• **PROBLEM STATEMENT**:
Exclude all pictures, and reproduce exactly the lines from the one containing "Предварительный просмотр 26" through the end of the records, with nothing else added.

Dataset excerpts
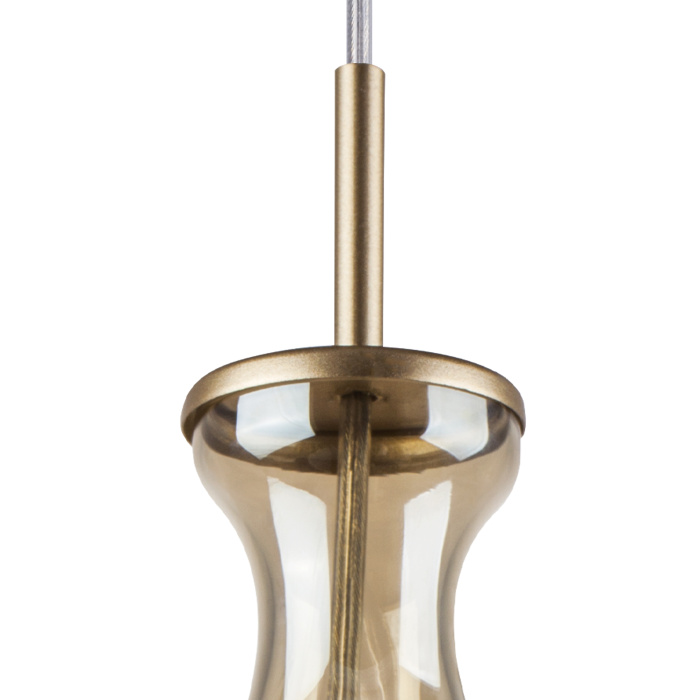 Подвес Forma Lightstar 808023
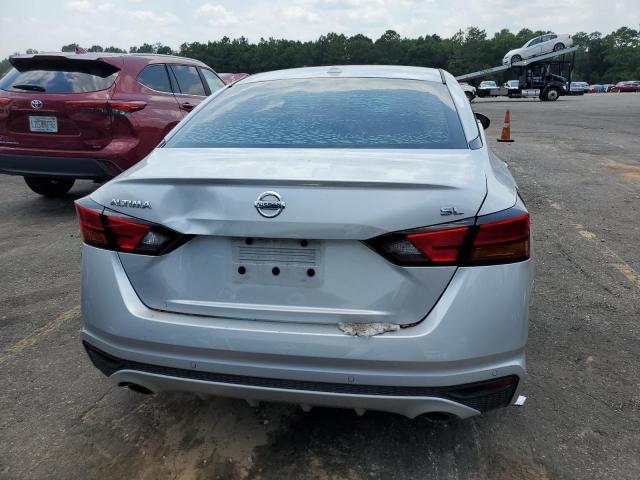 1N4BL4EV5KC241037 Nissan Altima SL 6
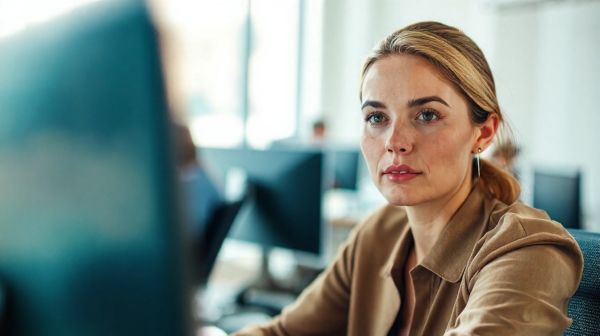 Top techniques pour atténuer les risques grâce à des outils d'apprentissage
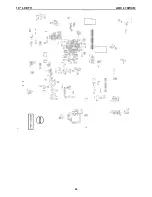 Предварительный просмотр 26 страницы AOC L19W461 Service Manual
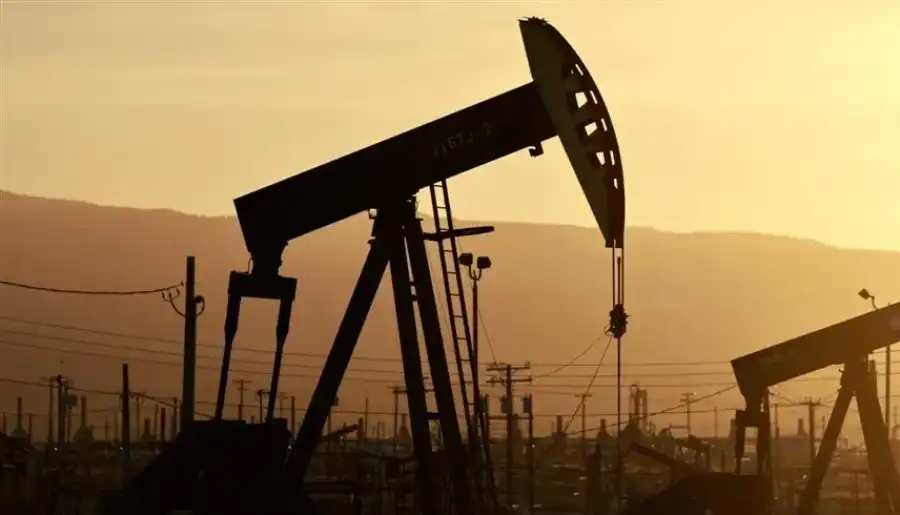 مدار الساعة,أخبار اقتصادية,أسعار النفط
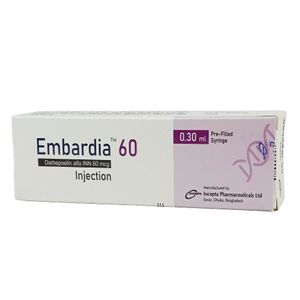 EM 500 mg Tablet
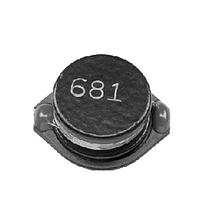 Vishay Dale IDC7328ER101M High Power Choke 100uH 20%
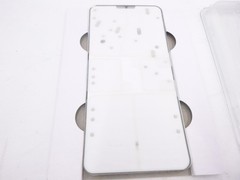 Brand New iPhone 17 Pro Motherboard Logic Board Service Pack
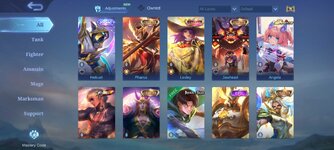 Screenshot_20240208_171022_Mobile Legends Bang Bang.jpg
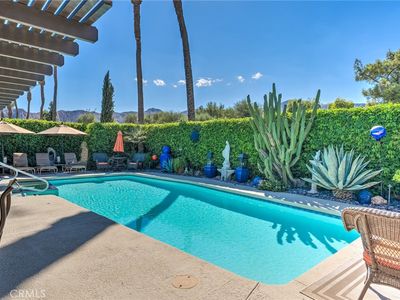 92 Princeton Dr, Rancho Mirage, CA, 92270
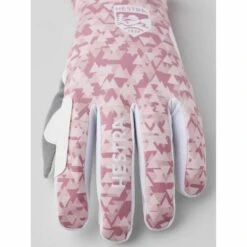 Hestra Windstopper Touring Gloves 14 Hestra Windstopper Touring Gloves -The Warming Store hestra windstopper touring gloves 132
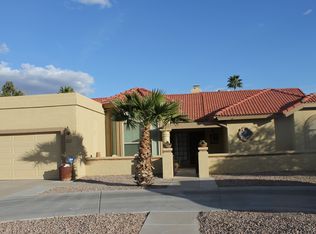 4136 W Post Rd, Chandler, AZ 85226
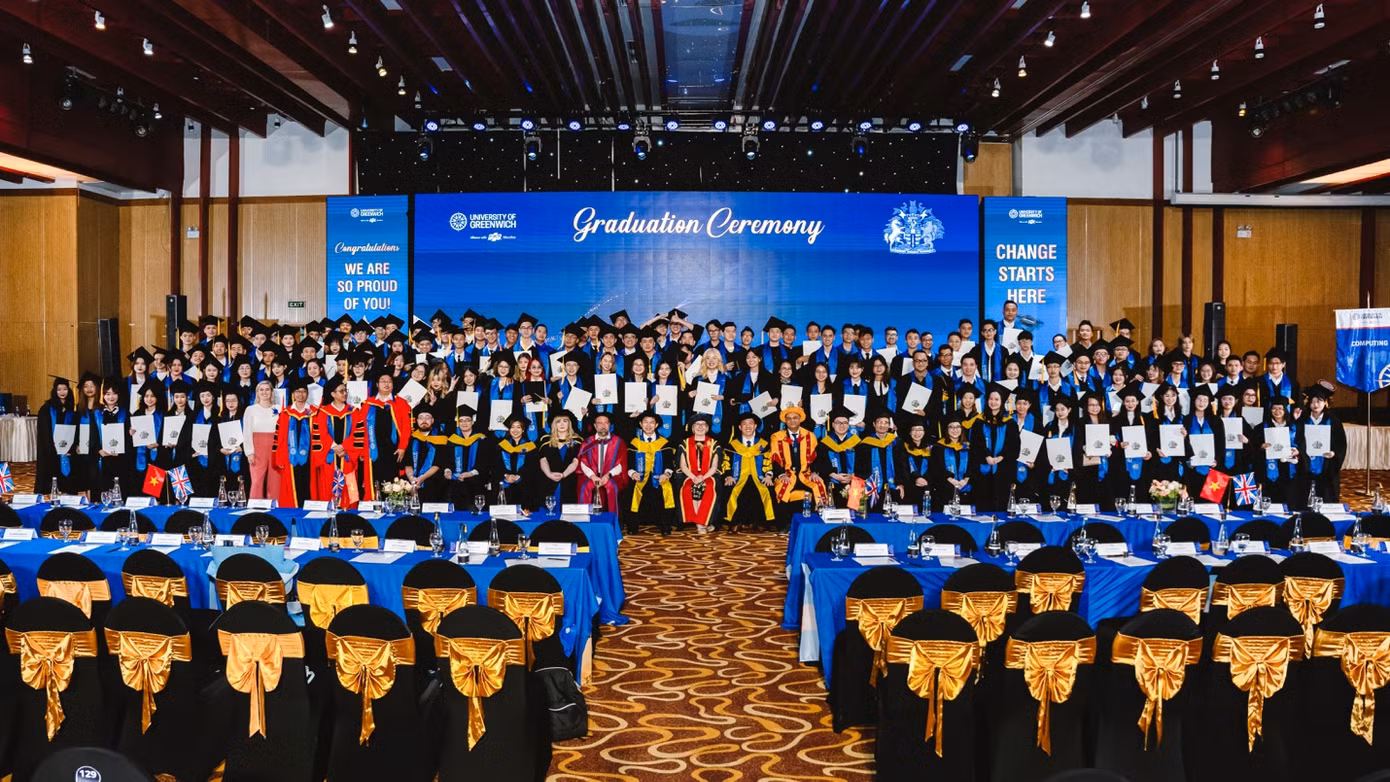 6ff272d440ec6c34e595.jpg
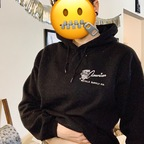 Get Free access to @u151036029 (Mystery Girly) Leaked OnlyFans 

 profile picture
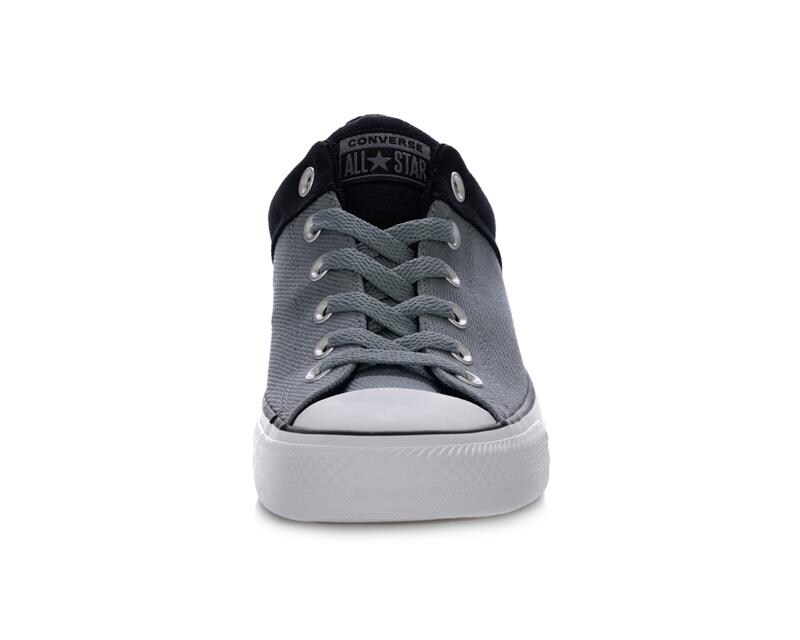 converse grises hombre converse grises hombre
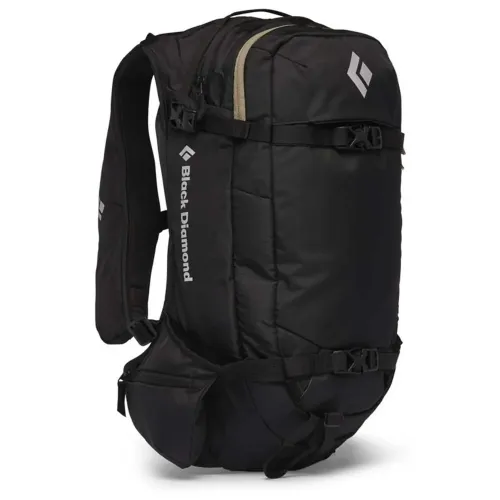 블랙 다이아몬드 Dawn Patrol 25L 배낭 8141787290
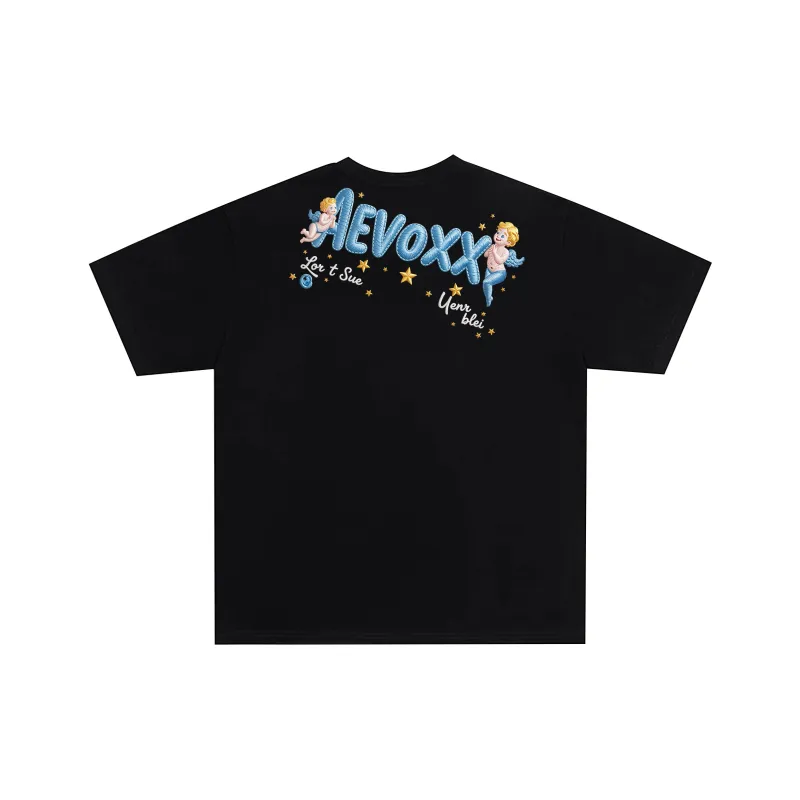 MUSCLETECH T Shirts Unisex-0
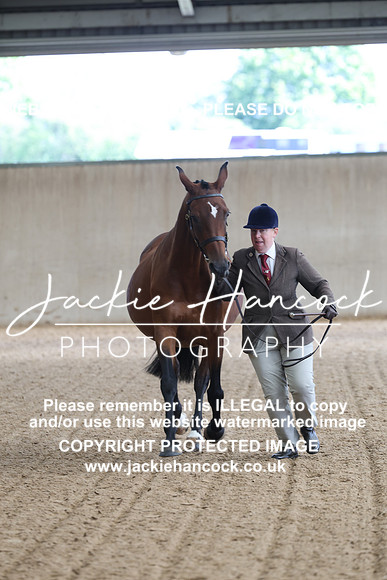 JHP20079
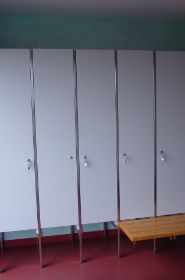 Schrank7.jpg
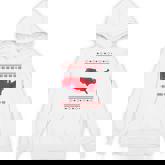 Christmas Came Early This Year Ugly Xmas Sweater Christmas Hoodie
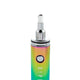 Dip Dipper 2-in-1 Dab Pen and Dab Straw Vape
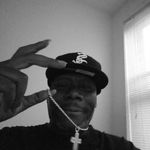 timjamison - @timjamison2 - Instagram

• **WRITTEN SOLUTION**:
 Предварительный просмотр 26 страницы AOC L19W461 Service Manual
 مدار الساعة,أخبار اقتصادية,أسعار النفط
 EM 500 mg Tablet
 Vishay Dale IDC7328ER101M High Power Choke 100uH 20%
 Brand New iPhone 17 Pro Motherboard Logic Board Service Pack
 Screenshot_20240208_171022_Mobile Legends Bang Bang.jpg
 92 Princeton Dr, Rancho Mirage, CA, 92270
 Hestra Windstopper Touring Gloves 14 Hestra Windstopper Touring Gloves -The Warming Store hestra windstopper touring gloves 132
 4136 W Post Rd, Chandler, AZ 85226
 6ff272d440ec6c34e595.jpg
 Get Free access to @u151036029 (Mystery Girly) Leaked OnlyFans 

 profile picture
 converse grises hombre converse grises hombre
 블랙 다이아몬드 Dawn Patrol 25L 배낭 8141787290
 MUSCLETECH T Shirts Unisex-0
 JHP20079
 Schrank7.jpg
 Christmas Came Early This Year Ugly Xmas Sweater Christmas Hoodie
 Dip Dipper 2-in-1 Dab Pen and Dab Straw Vape
 timjamison - @timjamison2 - Instagram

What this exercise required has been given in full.